Willem Korsten

Personal information
- Full name: Willem Korsten
- Date of birth: 21 January 1975 (age 50)
- Place of birth: Boxtel, Netherlands
- Position: Left winger

Team information
- Current team: Achilles '29

Youth career
- N.E.C.

Senior career*
- Years: Team / Apps / (Gls)
- 1992–1993: N.E.C. / 4 / (0)
- 1993–1999: Vitesse Arnhem / 75 / (12)
- 1999: → Leeds United (loan) / 7 / (2)
- 1999–2001: Tottenham Hotspur / 23 / (3)
- 2002: SCV'58 / 5 / (0)
- 2011: Achilles '29 / 1 / (0)
- Total:  / 115 / (17)

= Willem Korsten =

Dutch footballer

Willem Korsten (born 21 January 1975 in Boxtel) is a former Dutch professional footballer who played as a left winger.

==Football career==
Korsten played in the Netherlands for N.E.C. and SBV Vitesse before earning a loan move to Leeds United in the Premier League. In this short amount of time Korsten showed he had the pace, skill and strength to cope with English football, scoring twice in games against Everton and Derby County. Leeds decided to pursue a permanent transfer. However, Tottenham Hotspur also made a bid in the region of £1.5 million for the player, which was accepted.

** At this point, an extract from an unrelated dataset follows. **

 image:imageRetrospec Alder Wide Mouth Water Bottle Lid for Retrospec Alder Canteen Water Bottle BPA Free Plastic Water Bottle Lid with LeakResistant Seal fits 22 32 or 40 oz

Due to injury, Korsten did not make his debut for Tottenham until December 1999 and made only nine appearances in the Premier League in the 1999–2000 season.

The following season he made 14 league appearances, scoring his first Tottenham goal in a 3–1 defeat against Liverpool at Anfield in April 2001. On the final day of the season, he scored two spectacular goals in a 3–1 win over champions Manchester United at White Hart Lane. The match proved to be his last as a professional footballer. In October 2001, due to persistent hip injuries, he was forced to retire at the age of 26.

Korsten returned to his former club, N.E.C., as a coach for its football academy. He played 5 games for Dutch lower amateur side SCV '58 from Velp in their 2002–03 campaign but injuries forced him to quit the team early in the season.

In May 2011 Korsten returned to the game as player for Topklasse side Achilles '29. After winning the district cup east, Korsten scored the only goal in the final of the KNVB Amateur Cup 2011 on 18 June. He retired once again and joined the Achilles staff for the 2011/12 campaign as their assistant-manager. Korsten resigned at Achilles in March 2012 and joined N.E.C. as an assistant-manager for the 2012–13 season.